“Yeah, yeah. Always a little mo. That thing.”
“Now give me that shirt, you. You gon’ keep me an’ Nelly sewing all the time.”
“Not all the time,” he said neatly and clearly, and put his hands round her waist, lifting her playfully through the door of her hut. She liked to be lifted, liked when he showed his strength. She laughed, and he was caught in her again.
The dogs were easy—easy in that keeping dogs had been his job in Jamaica, and easy in that these had never been mistreated and took to him from the first. They were trained, he could tell; they had good noses and fine voices, and he fed them meat—more meat than he himself got in a week, but that made no mind. The pack leader was a surprisingly small bitch with a full bell-toned voice, and he took her out and ran with her in the yard, and then with one of her mates. In Jamaica he had known all the packs, and most of the ground, although the packs hunted slaves more often than animals. Cese knew the fox hunt only by repute, never having seen one, but he had learned the rules.

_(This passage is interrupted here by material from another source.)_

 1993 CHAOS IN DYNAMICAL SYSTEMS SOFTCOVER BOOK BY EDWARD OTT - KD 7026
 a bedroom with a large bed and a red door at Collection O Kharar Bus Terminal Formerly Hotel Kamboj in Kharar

The Master was due home in a matter of days, and the hunt season was on them. All his tests would come together. Virginia was a step up from Jamaica, and he didn’t intend to go back to the beatings and the threat of worse—the barracoon and the pens. Queeny had passed to him her fears that he would be found wanting and sent back to Jamaica. He ran with the hounds and listened to anything any man could tell him about the hunts. Most of them had been beaters, one time or other; Pompey worked the hounds from time to time, and seemed to bear little ill will about the fight.

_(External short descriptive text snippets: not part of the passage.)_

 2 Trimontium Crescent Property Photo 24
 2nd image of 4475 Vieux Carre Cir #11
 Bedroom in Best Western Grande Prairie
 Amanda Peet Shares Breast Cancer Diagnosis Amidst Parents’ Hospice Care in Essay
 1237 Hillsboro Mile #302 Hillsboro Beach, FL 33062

Pompey resented him for Queeny, and for his instant possession of the dogs, but the fight had been a matter of form. If Pompey bore him a grudge it was well hidden, and none of the hundred other blacks he had met seemed to hold his position against him. Any resentment they might have felt for his clothes and his possession of Queeny vanished in the face of the bricklayer, who already had six of the slaves working under him and was laying the front walk, formerly a broad expanse of white gravel, in brick. He was demanding and brutal as only a man who has learned his leadership on a Jamaican plantation could be. As a skilled man, he had his own hut. As an outsider, he had already earned more than his share of enemies. He was working to get the front walk paved for the Master’s return to keep his place, and Cese had already heard rumors from the others of things that might have been done to the walk—chalk in the mortar, holes under the bricks to make cracks appear. Cese watched and learned, keeping his thoughts to himself.
The other slaves were a mixture, their names and faces still a blur in his head, alien faces, Ebo and Efik and Teke, Luo and Seke and others from further inland. There were no other Yoruba or Ashanti soldiers, hardly any Benin at all, and they half-castes from the coast. His mother had once said that there was good even in an Ebo, if one was patient, and he schooled himself to patience. Queeny was good company, and the work was light compared to the Indies.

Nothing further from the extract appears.